**The task**
Return exactly, please, the lines from the one containing "Từ chối nối" to the last line of the entries below, and nothing else, leaving pictures out.

(Records from a data source)
########
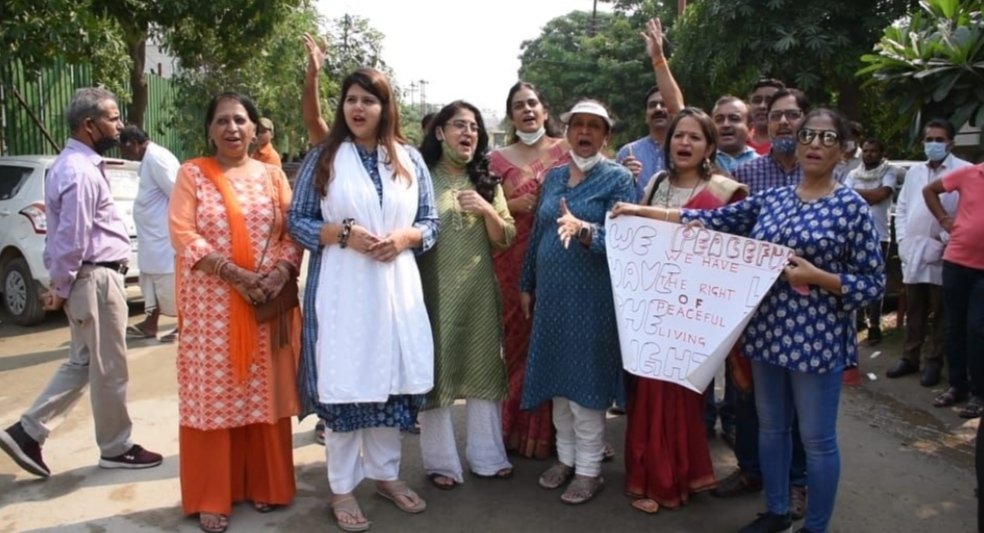 noidakhabar's tweet photo. करवा चौथ का दिन सेक्टर 50 की महिलाओं ने निर्जला व्रत के दौरान किया प्रदर्शन, कांग्रेस नेत्री पंखुड़ी पाठक पहुंची। #noidakhabar
@GuruMaata @noidapolice @pankhuripathak @noida_authority @anil100y @vinodsharmanbt
खबर विस्तार से 👇🏿
https://t.co/ESr7N0cfAm https://t.co/qs1ji1ovez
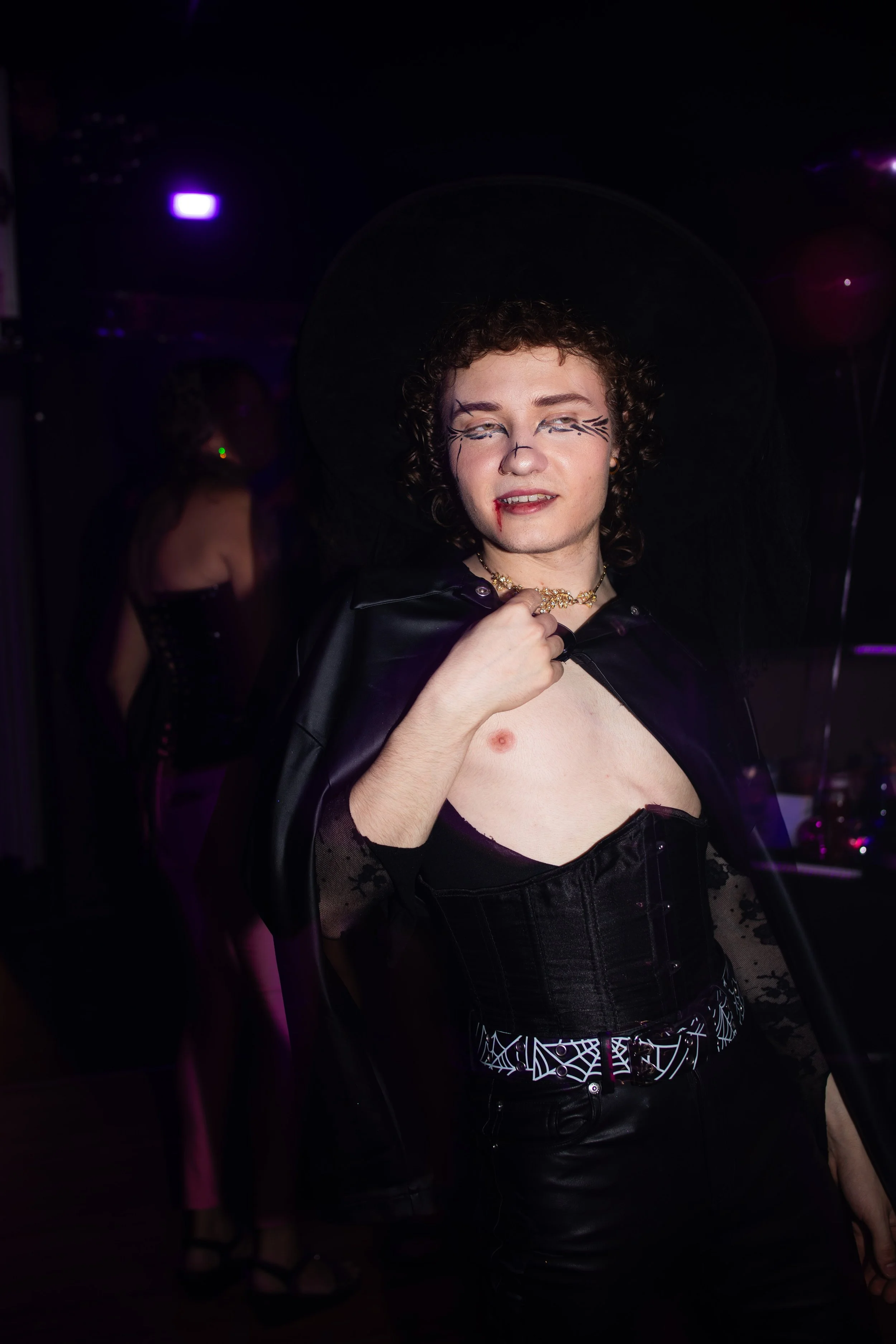jackielegsbday-080126-026.jpg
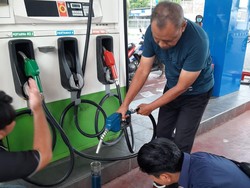 Polisi Periksa Takaran SPBU di Bojonegoro Pastikan Stok Aman dan Tak Curang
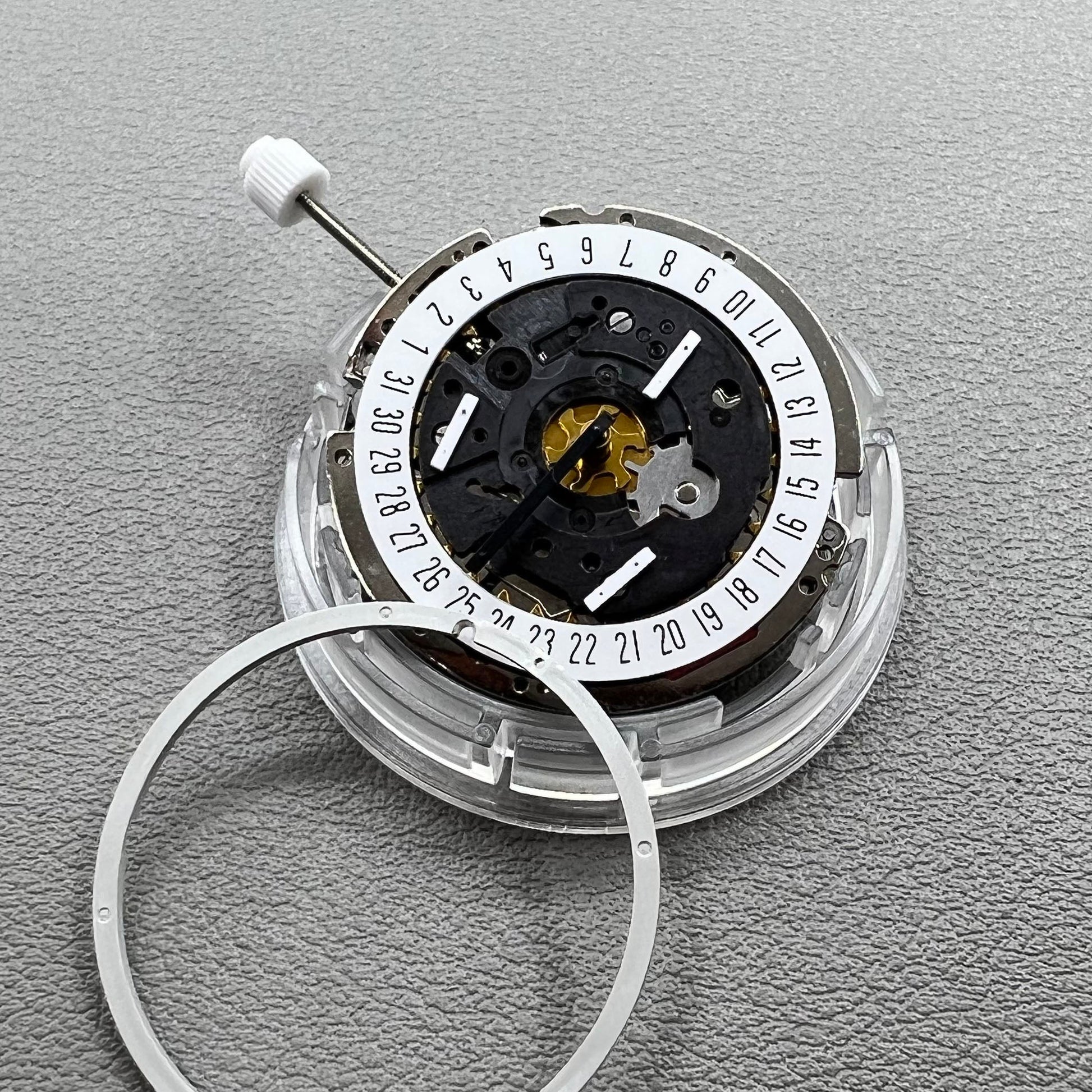 Swiss ISA 8172 quartz watch movement replacement with date at 6 o'clock, precise timekeeping by Swiss ISA.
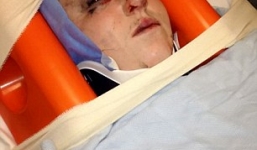 Từ chối nối lại với tình cũ, bà mẹ trẻ bị hành xác dã man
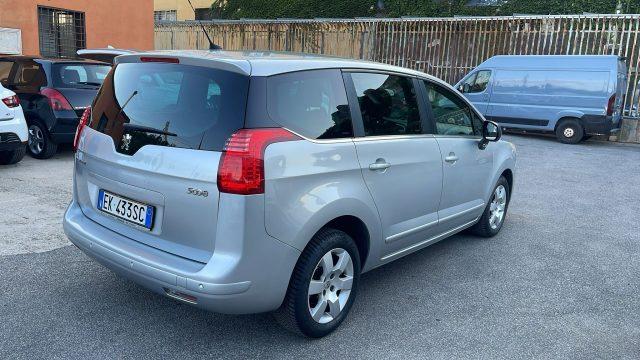 PEUGEOT 5008 1.6 HDi 112CV Business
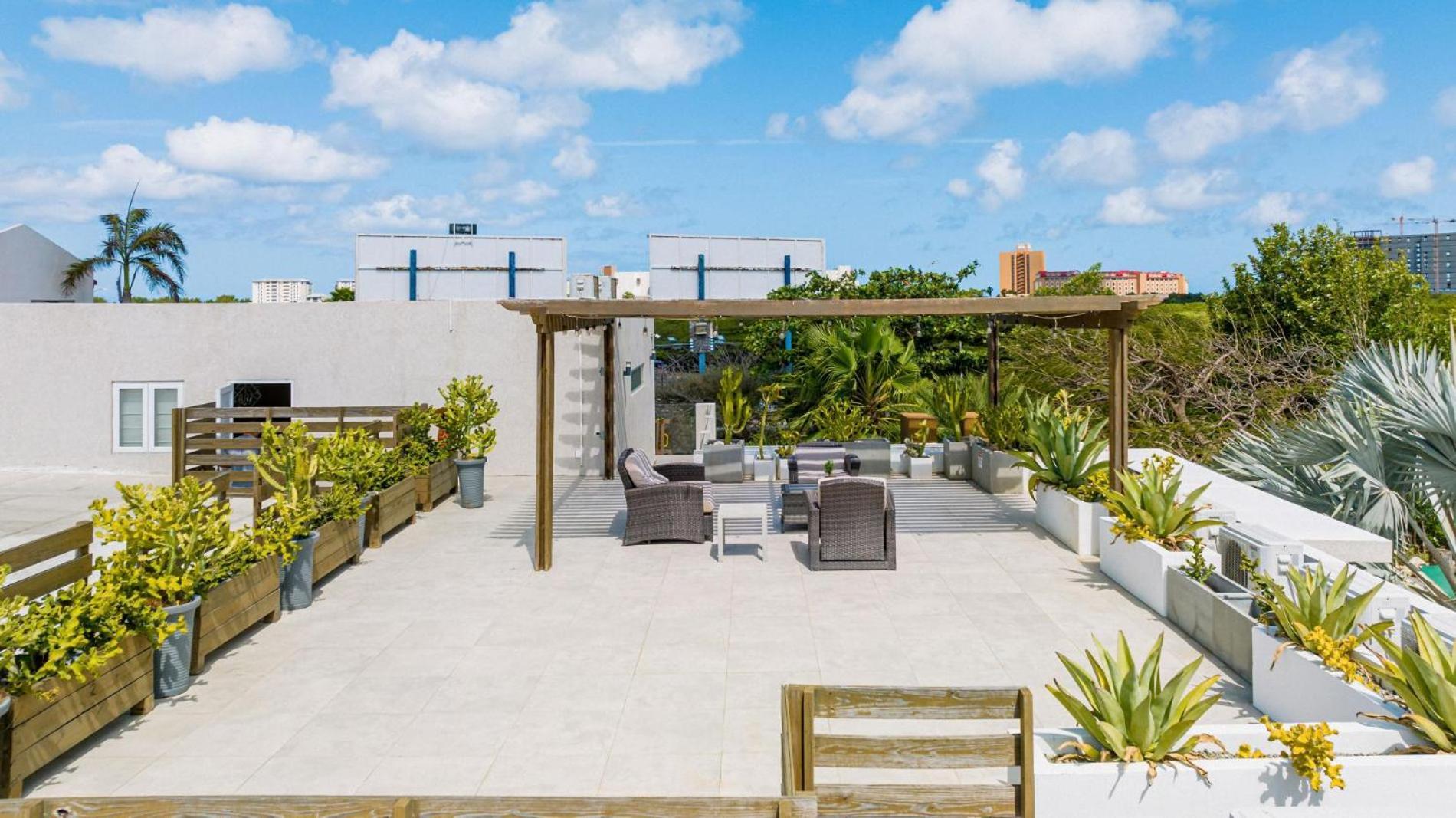 Koyari Modern Condos 9Br 7Ba Sleeps 26 W/ Pool And Roof Deck Palm Beach Exterior photo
########
**Result for this task**
 Từ chối nối lại với tình cũ, bà mẹ trẻ bị hành xác dã man
 PEUGEOT 5008 1.6 HDi 112CV Business
 Koyari Modern Condos 9Br 7Ba Sleeps 26 W/ Pool And Roof Deck Palm Beach Exterior photo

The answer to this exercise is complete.